With the global financial crisis continuing to bite hard on the availability of finance, now is a sensible time to re-assess your trading terms with your customers before an insolvency event occurs.

It is unfortunate, but often a commercial reality, that in times of a shortage of external funding, many customers look to their suppliers as a source of what is considered by them to be quick, cheap, external short-term funding. By turning what was traditionally 30 days credit into 60 days credit, or even 90 days credit, they are able to ease their cash flow constraints and avoid interest on overdrafts or refinancing.

While this tactic can create possible insolvent trading issues for the directors of the customer concerned, if the situation doesn’t improve and the tactic doesn’t pay off, suppliers who have extended credit and unwittingly funded the exercise will feel little comfort when told that there will be “no dividend” to unsecured creditors when an insolvency situation arises. This is particularly true in circumstances that could have been avoided or improved, had some pre-emptive steps been taken before the situation became dire and resulted in the involvement or intervention of an insolvency practitioner.

For example, the inclusion of a properly drafted retention of title clause (often referred to as a “Romalpa clause”) in an agreement with a customer can allow goods remaining at a customer’s premises to be recovered in the event of a default. This is an alternative to the title to those goods being passed to the customer and sold by an insolvency practitioner to fund a reconstruction or, worse still, the costs of the administration or liquidation. Well-drafted personal guarantees from people of substance can also be useful in circumstances where there is a default by the customer.

Charging clauses, charges and/or mortgages registered over assets of a customer or their associates (such as directors) can also offer additional security. For example, a charging clause, depending on its terms, can enable a caveat to be lodged over a director’s property to assist in securing payment. Armed with this protection, a supplier has some level of comfort when trading in what are uncertain and economically trying times.

What you can do to protect yourself

Now is an opportune time to consider whether the terms upon which you trade with your customers provide you with adequate security for payment. Unfortunately, it can often be those customers who have been traditionally “good payers”, or with whom you have developed a long history of trading and believe to be “good for it”, who strike cash flow difficulties. This means you could need to consult an insolvency specialist to help you recover payment.

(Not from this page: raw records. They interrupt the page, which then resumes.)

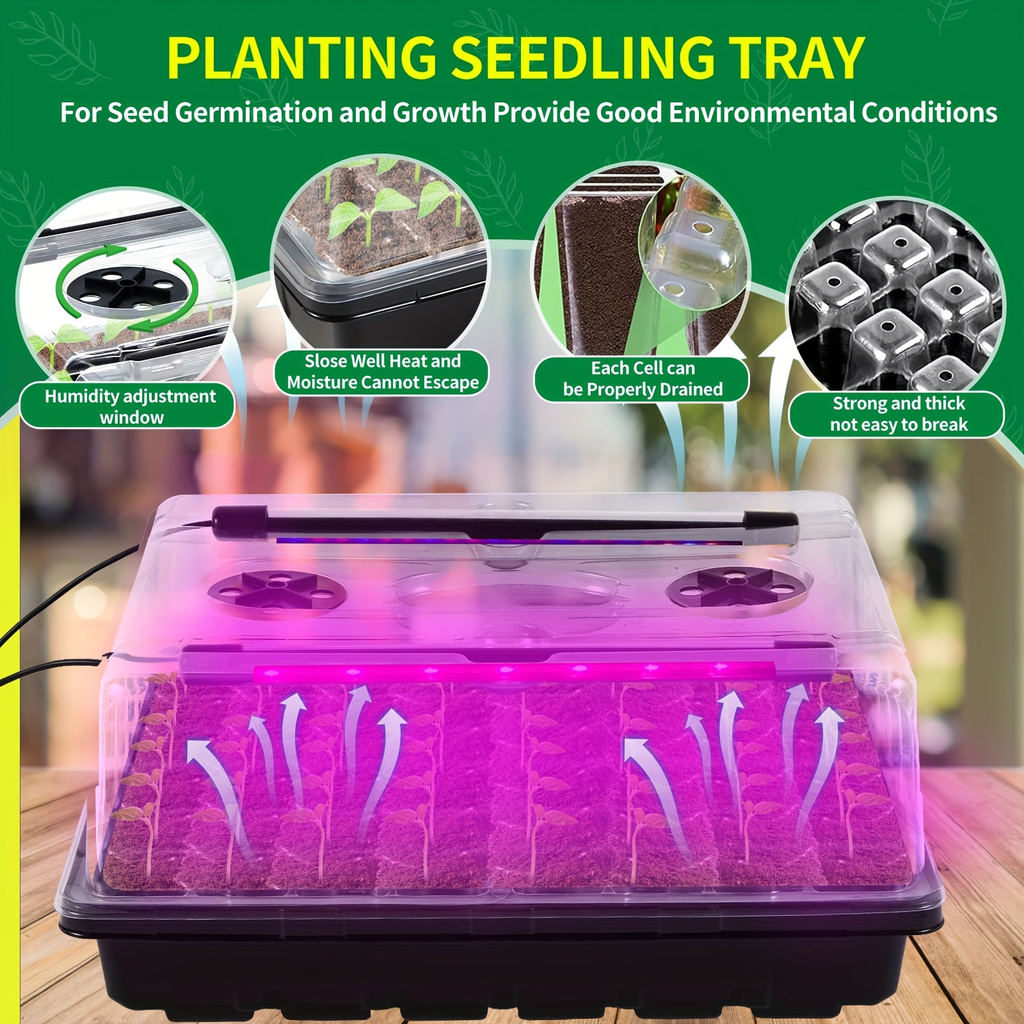 Seed Starter Tray with Grow Light 96 Cell Self-Watering, 10-Level Brightness & Timer, Humidity Dome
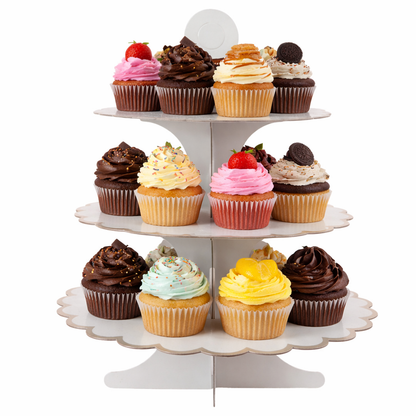 Stand Cupcakes Rosa Dorado 3 Niveles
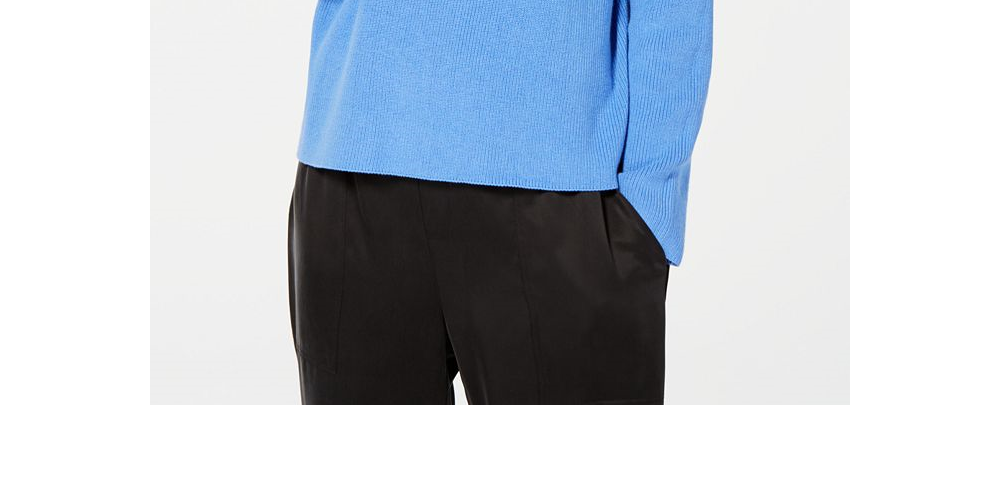 Eileen Fisher Women's Organic Funnel Neck Sweater Blue Size Petite Large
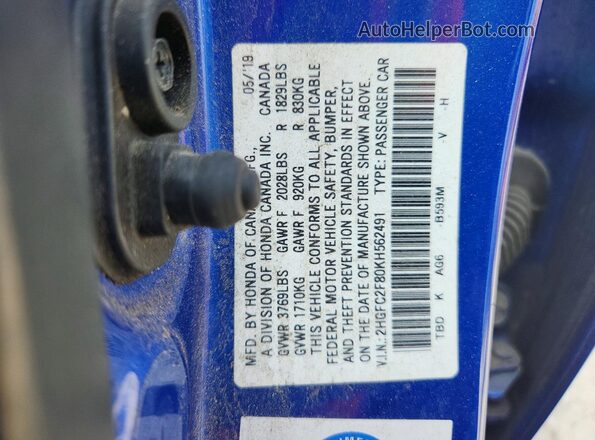 2HGFC2F80KH562491 2019 HONDA CIVIC Blue Вид наклейки з VIN-кодом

Your terms should allow you to charge interest at an appropriate rate to ensure that you are compensated if your customers do take advantage of the goodwill that they have developed with you, and start to use you as a short-term credit provider.

We recommend that you include some well-drafted and properly considered protection in your agreements with your customers, whether by way of a specific agreement or by an inclusion in delivery or sales documentation. This will simplify the process of recovering money following a default or insolvency event, making the process more cost effective and possibly resulting in a better outcome for you. After all, if someone asked to borrow a sizeable sum from you, wouldn’t you want some level of comfort that it would be paid back?